Making the Best Out of Constraints
"Every task involves constraint, Solve the thing without complaint; There are magic links and chains, Forged to loose our rigid brains. Strictures, structures, though they bind, Strangely liberate the mind." - James E. Falen
You spent the last few months working out a method of ranking recipes a customer might like, based on what they buy at the grocery store. You’re about to mail each customer a booklet of recipes personalized just for them. This isn’t mass marketing of generic, popular recipes. Of the hundreds of thousands of booklets mailed, most will be unique. For digital communications it’s not that unusual, but physically printing that many unique copies in a cost-effective way is impressive.

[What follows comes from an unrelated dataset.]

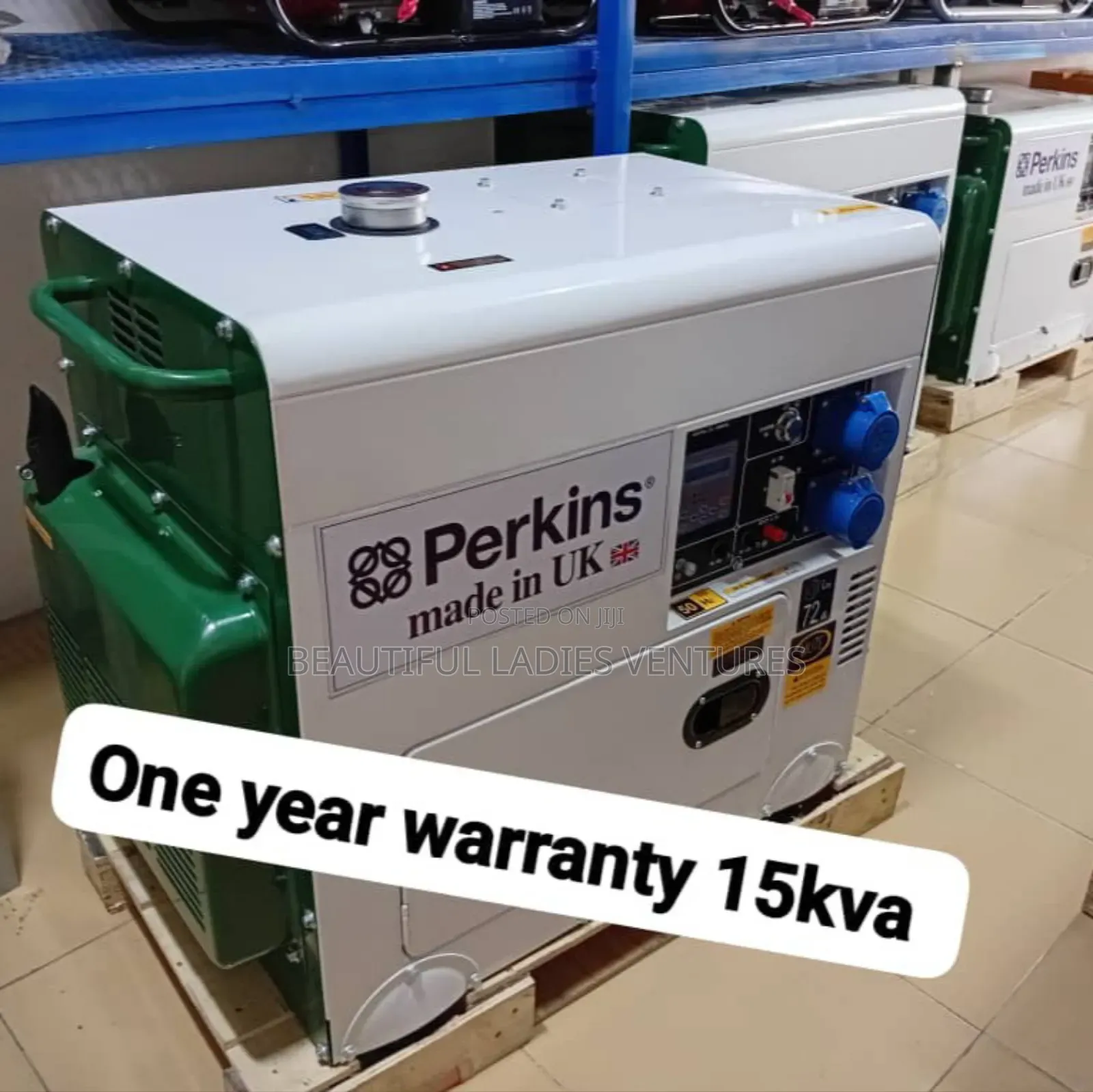 Great Engine Generator 15kva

In fact, it’s too good to be true. It turns out, to print the booklets in a way that isn’t cost prohibitive, only about 50 unique versions can be produced. Suddenly you’re working under a new, very tight constraint and the deadline is approaching. To get a sense for how restrictive this is, imagine you had a pool of only 100 recipes and each booklet contained 10 recipes. In that case, you have 100 choose 10 booklets (about 17 trillion) and you can give the very best one for each customer. Instead, due to this new constraint, you have 50 booklets to choose from
50. A lot smaller than 17 trillion
Projects with tight constraints can be frustrating. But as the introductory poem points out, they can also free our minds to look at things in a new way in order to get around the constraint. When we ran into the situation above, we tried a few different approaches and ultimately had to recast the problem in a new light.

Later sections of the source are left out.